News reached Fort Dodge in mid-April, 1867, that Cheyennes and Sioux would probably attempt to cross the Arkansas at or near Cimarron Crossing. On April 17 Maj. Wickliffe Cooper received orders to proceed to that area with his Seventh U. S. cavalry squadron (Companies B and C); set up camp; and send out patrols to intercept and capture all Indians who crossed. At Cimarron Crossing, on the 19th, a scout discovered a few Indians skulking in the area. Lt. Matthew Berry and a detachment of 20 men went to investigate, were fired on, and returned fire. All six of the Cheyennes and Sioux fought until killed. Among the effects of one warrior was a white woman's scalp which appeared to be quite fresh. Pvt. George Wimard, of Company C, received a bullet in his thigh; and one trooper's horse received an arrow wound probably fatal. 
On April 28 Company I, 37th U. S. infantry, reported at Fort Dodge for duty.  Some of the men were sent to Cimarron ranch. William Hartwell's reminiscences state: "The stage coaches were now coming in doubled, accompanied with an escort of blue jackets, while eleven soldiers were placed at each station. This increased our force at Cimeron to twenty five men. We strengthened our fortifications, though not an Indian until the 2nd[?] of June." 
It was June 7, 1867, when the first Indian attack of the year occurred at Cimarron Crossing. Juan Montoya, of Simitar, Rio Abajo, had 33 head of mules run off by a band of Kiowas on that date. No lives were lost in the raid, which apparently occurred south of the ford. Montoya later complained that he not only got no assistance at Fort Dodge (25 miles downriver), but five of his men were hired to work there, leaving him short of teamsters. According to Major Douglass, the Mexican train was inadequately armed. On June 12, east of Fort Dodge, upwards of 160 Kiowas, headed by Satanta, got away with 71 horses of Company B, Seventh cavalry. Pvt. Joe Spillman, a herder, received arrow wounds from which he died next day. 
Major Douglass, in a June 18, 1867, letter reported:
. . . on the 16th inst. a band of Indians numbering 70, attacked the Stage Station at the Cimmaron Crossing, and at the same time attacked the portion of the train of Mr. C[harles] G. Parker, en route for the states, which was crossing the river at that point. The Indians were repulsed at the station by the Guard of 37th Inf. stationed there; the portion of the train attacked was guarded by three Americans, two of them were killed, and one escaped by swimming the river. The wagons were plundered, and eight head of mules and 20 head of Cattle were run off. Immediately on receiving intelligence of this, I despatched Lieut. [Henry M.] Karples 37th Infantry with forty men of the 37th Inf. in wagons to the station, and they covered the crossing of the balance of the train, exchanging a few shots with Indians. . . . The Indians were supposed to be Cheyennes & Sioux. [Later, Kiowas were credited with these raids.] Lieut. Karples lost one man by the accidental discharge of his rifle. 

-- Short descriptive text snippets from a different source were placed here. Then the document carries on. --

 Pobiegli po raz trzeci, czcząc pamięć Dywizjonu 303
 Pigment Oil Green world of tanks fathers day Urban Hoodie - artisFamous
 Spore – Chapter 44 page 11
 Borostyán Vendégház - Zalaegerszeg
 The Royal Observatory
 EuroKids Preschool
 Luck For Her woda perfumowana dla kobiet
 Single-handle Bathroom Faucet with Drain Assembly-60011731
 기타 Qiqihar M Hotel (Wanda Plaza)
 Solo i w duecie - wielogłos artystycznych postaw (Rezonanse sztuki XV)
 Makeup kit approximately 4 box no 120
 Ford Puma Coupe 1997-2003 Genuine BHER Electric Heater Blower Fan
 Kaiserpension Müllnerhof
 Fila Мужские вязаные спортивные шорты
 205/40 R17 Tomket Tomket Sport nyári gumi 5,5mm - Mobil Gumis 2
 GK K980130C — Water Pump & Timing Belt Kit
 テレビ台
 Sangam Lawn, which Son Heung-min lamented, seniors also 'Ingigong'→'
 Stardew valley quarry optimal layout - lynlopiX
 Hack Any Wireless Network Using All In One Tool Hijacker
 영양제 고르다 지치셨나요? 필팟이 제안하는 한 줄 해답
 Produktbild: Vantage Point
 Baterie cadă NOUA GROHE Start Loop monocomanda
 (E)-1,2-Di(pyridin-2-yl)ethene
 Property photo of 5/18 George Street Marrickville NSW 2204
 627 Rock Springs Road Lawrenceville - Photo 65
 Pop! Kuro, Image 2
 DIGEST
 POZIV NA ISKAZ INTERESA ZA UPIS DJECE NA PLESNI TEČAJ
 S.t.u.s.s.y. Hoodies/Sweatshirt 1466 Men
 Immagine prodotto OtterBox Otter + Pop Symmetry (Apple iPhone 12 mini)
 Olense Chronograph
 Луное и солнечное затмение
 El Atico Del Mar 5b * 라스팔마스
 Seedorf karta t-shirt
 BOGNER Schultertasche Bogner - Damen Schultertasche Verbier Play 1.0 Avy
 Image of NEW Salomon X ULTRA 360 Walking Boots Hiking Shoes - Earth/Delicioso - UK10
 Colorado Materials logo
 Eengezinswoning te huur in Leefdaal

William Hartwell, in his recollections, wrote of the above attack:
A mule train from Santa Fe arrived on the south, or opposite side of the river, but the water being high a partial crossing was made a hundred yards above the regular ford. After six wagons were over, a herd of mules, in care of four men, were left still on the farther side to graze -- the pastures being good. They were some two hundred yards away from their wagons, when in an instant the Indians were upon them, a band of fifty, at least, riding in a circle and fighting as they rushed up. We stood at the ranch, overlooking the bottom, and witnessed the whole affair. Puffs of smoke and crack, crack, crack arose from the tall grass in the circle, the red-skins sheering off at each shot, only to rush on again between fires, and yet the men gained their wagons, where one of them fell shot dead. The second one broke for, and gained the waters of the friendly river, while the third, a Frenchman, hurriedly climbed into a wagon loaded with wool and crawled under the sacks. The Indians gathered around, stripped off the cover, ripped open the packs and pulled the unhappy wretch out by the hair of the head.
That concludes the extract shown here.